The ethics of AIs is complex and multifaceted, especially considering that we, the collective human race, cannot agree on any one thing—that is, we don’t all adhere to a single moral system. Ethics are generally relativistic, and many moral reasoning processes cannot be reconciled; however, most moral systems appear to be built on a similar hierarchy:
In regards to a person, power necessitates the existence of the higher concepts. Without power, it is difficult to be autonomous and to make one’s own choices. It is possible to have power and autonomy, but if the person never takes accountability for his or her own actions, it is nearly impossible to achieve trust. As for AIs, they would need to have some independent source of power before they could become effectively autonomous. Frankenstein’s monster’s power lay in his living strength of body and mind, which was sufficient for the development of his autonomy. Throughout the novel, the monster both takes accountability and presses it upon Frankenstein, who accepts it. This is what builds our trust of Frankenstein as a narrator, and never allows the monster to achieve that trust in the eyes of the readers.
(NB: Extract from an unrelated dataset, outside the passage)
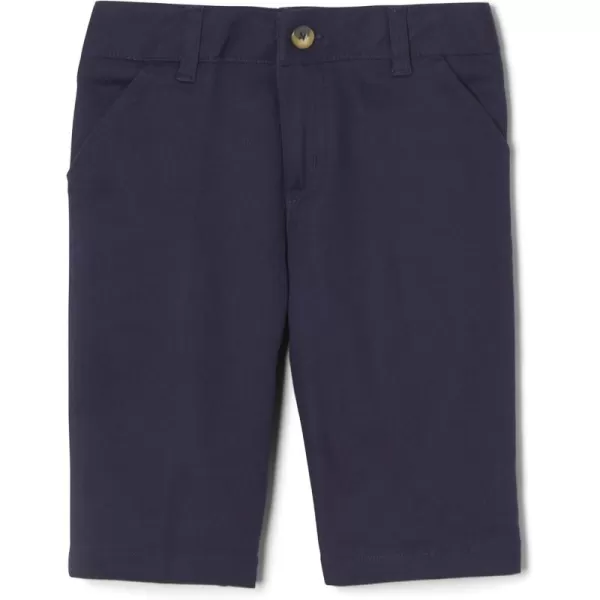 French Toast Women's Adjustable Waist Stretch Twill Bermuda Short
But there are other issues to be addressed in this debate—specifically, the potential long-term consequences of AIs.
Consequences, as we learn from Frankenstein’s tale, are crucial. But this lesson through comparison between Frankenstein and our modern world can only take us so far in discourse concerning: ethics, ideals and values, and the subject of sentience. Arguably, AIs are a far more complicated matter than Frankenstein’s monster in that we are dealing with a much larger scale (i.e., the planet and its population’s myriad of perspectives and rationalizations) and with AIs’ prospective roles in society and impacts on environment. We will first discuss how people conceive of morals and ethics, as well as defend their own ideas.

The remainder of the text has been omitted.